Hearing these slithy and suggestive movements, I declined to remain any longer ignorant of their meaning. After all, I had suggested the "whole bally business," and was entitled to know the means selected for its conduct. So round went my inquisitive head. Then I shook in my glee. Someone had pushed on the hands of the clock, and it was three minutes to twelve. There was a rustle of excitement in the room. The silence of expectancy followed. "Two-minutes-to" narrowed into "One-minute-to"; and after a premonitory click, which produced sufficient excitement to interfere with our breath, the clock struck twelve.
Inasmuch as I occupied a very favourable position, I got up to conduct proceedings. I faced the class, stretched out my right hand, which held a pen by way of a baton, and whispered: "One. Two. Three."
It began. I have often wondered since how I could have been so wrong in my calculations. I had estimated that, if we all hummed, there would result a gentle murmur. I never dreamt that each of the twenty boys would respond so splendidly to my appeal. Instead of a gentle murmur, the National Hymn was opened with extraordinary volume and spirit.
My first instinct was the low one of self-preservation. Feeling no desire to play a leading part in this terrible outbreak, I hastily sat down with a view to resuming my studies. Unfortunately I sat down too heavily, and there was the noise of a bump, which served to bring the performance to an effective conclusion. My books clattered to the floor, and Mr. Cæsar turned on me with a cry of wrath.
"Ray, what are you doing?"
It was a sudden and awkward question; and, for a second, I was at a loss for words to express to my satisfaction what I was doing. Penny seemed disappointed at my declension into disgrace, and murmured reproachfully: "O Rupert, my little Rupert, st. st." I saw that the game was up. Mr. Cæsar had inquired what I was doing; and a survey of what I was doing showed me that, between some antecedent movements and some subsequent effects, my central procedure was a conducting of the class. So, very red but trying to be impudent, I said as much, after first turning round and making an unpleasant face at Penny.

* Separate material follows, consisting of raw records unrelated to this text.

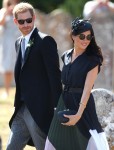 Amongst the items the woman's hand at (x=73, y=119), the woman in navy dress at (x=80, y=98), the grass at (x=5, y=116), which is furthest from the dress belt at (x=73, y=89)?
the grass at (x=5, y=116)

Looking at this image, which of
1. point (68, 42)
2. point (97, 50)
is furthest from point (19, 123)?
point (68, 42)

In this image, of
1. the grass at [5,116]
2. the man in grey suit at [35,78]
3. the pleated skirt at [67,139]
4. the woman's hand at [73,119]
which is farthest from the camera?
the grass at [5,116]

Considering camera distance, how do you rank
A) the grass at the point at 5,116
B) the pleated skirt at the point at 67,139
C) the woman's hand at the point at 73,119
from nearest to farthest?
1. the woman's hand at the point at 73,119
2. the pleated skirt at the point at 67,139
3. the grass at the point at 5,116

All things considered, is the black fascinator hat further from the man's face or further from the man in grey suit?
the man's face

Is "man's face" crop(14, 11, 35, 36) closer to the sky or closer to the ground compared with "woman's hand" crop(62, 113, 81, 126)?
closer to the sky

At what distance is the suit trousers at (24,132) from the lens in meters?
6.44

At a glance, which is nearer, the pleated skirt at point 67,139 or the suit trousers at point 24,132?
the pleated skirt at point 67,139

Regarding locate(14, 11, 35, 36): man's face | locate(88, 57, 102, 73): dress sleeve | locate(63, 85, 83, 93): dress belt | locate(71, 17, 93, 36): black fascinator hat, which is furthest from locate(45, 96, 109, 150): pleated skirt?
locate(14, 11, 35, 36): man's face

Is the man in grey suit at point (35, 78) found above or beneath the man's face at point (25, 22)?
beneath

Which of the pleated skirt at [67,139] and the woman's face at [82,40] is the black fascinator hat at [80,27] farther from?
the pleated skirt at [67,139]

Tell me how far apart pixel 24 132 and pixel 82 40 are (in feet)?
3.28

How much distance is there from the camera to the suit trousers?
644 centimetres

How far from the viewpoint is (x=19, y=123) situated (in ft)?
21.6

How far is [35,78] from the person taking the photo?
6438 mm
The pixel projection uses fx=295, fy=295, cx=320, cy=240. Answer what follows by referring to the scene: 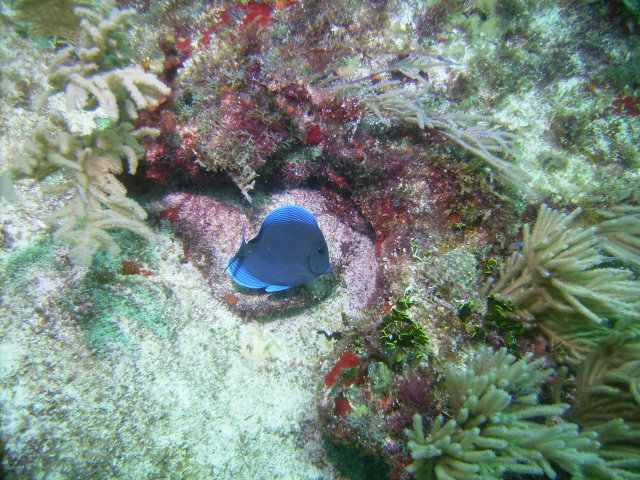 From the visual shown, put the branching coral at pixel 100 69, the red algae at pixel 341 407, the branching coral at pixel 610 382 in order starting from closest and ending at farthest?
the branching coral at pixel 100 69, the branching coral at pixel 610 382, the red algae at pixel 341 407

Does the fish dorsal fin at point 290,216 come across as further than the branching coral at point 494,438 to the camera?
Yes

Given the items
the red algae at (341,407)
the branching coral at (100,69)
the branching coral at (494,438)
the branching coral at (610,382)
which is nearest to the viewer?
the branching coral at (494,438)

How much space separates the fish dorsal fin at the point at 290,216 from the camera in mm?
2547

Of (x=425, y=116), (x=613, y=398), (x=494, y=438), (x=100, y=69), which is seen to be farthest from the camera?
(x=425, y=116)

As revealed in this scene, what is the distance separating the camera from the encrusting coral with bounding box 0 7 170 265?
2.00 meters

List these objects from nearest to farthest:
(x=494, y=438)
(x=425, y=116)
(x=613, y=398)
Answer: (x=494, y=438), (x=613, y=398), (x=425, y=116)

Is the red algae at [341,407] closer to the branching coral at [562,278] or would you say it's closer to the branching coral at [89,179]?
the branching coral at [562,278]

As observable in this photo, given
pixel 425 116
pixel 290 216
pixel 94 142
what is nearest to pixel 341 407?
pixel 290 216

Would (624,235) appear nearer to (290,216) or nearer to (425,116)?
(425,116)

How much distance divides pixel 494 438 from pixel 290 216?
211 centimetres

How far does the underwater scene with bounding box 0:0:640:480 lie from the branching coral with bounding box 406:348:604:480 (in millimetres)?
19

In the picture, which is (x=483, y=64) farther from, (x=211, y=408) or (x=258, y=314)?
(x=211, y=408)

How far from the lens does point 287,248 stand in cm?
257

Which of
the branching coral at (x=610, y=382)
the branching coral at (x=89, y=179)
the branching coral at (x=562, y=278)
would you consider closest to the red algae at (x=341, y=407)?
the branching coral at (x=562, y=278) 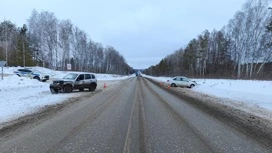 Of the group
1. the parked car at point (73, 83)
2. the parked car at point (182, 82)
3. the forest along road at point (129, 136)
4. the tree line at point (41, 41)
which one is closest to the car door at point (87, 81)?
the parked car at point (73, 83)

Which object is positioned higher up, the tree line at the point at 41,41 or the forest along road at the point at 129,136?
the tree line at the point at 41,41

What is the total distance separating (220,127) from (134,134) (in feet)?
9.64

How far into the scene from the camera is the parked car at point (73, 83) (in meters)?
26.2

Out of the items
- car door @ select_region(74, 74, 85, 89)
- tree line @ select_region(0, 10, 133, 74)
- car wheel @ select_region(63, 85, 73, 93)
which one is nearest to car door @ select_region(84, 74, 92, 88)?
car door @ select_region(74, 74, 85, 89)

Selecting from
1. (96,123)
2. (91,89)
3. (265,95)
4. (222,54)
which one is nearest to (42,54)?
(222,54)

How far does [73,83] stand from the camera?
27594 mm

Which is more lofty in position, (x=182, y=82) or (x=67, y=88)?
(x=182, y=82)

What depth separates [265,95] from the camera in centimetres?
2044

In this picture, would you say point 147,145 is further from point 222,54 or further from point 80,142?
point 222,54

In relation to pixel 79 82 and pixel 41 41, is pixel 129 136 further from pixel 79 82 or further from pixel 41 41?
pixel 41 41

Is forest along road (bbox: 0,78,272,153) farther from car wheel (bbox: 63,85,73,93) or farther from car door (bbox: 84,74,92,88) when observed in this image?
car door (bbox: 84,74,92,88)

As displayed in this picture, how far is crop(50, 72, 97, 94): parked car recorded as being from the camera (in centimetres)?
2617

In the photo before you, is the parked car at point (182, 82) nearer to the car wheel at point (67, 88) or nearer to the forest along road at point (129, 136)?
the car wheel at point (67, 88)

"Conducting, sir," I explained, as though nothing could be more natural at twelve o'clock.
"Conducting!" said Mr. Cæsar. "Well, you may be able to conduct the class, but you certainly cannot conduct yourself."
This resembling a joke, the class expressed its appreciation in a prolonged and uproarious laugh. It was a stupendous laugh. It had fine crescendo and diminuendo passages, and only died hard, after a chain of intermittent "Ha-ha's." Then it had a glorious resurrection, but faded at last into the distance, a few stray "Ha-ha's" from Pennybet bringing up the rear.
Mr. Cæsar trembled with impotent passion, his weak eyes eloquent with anger and suffering.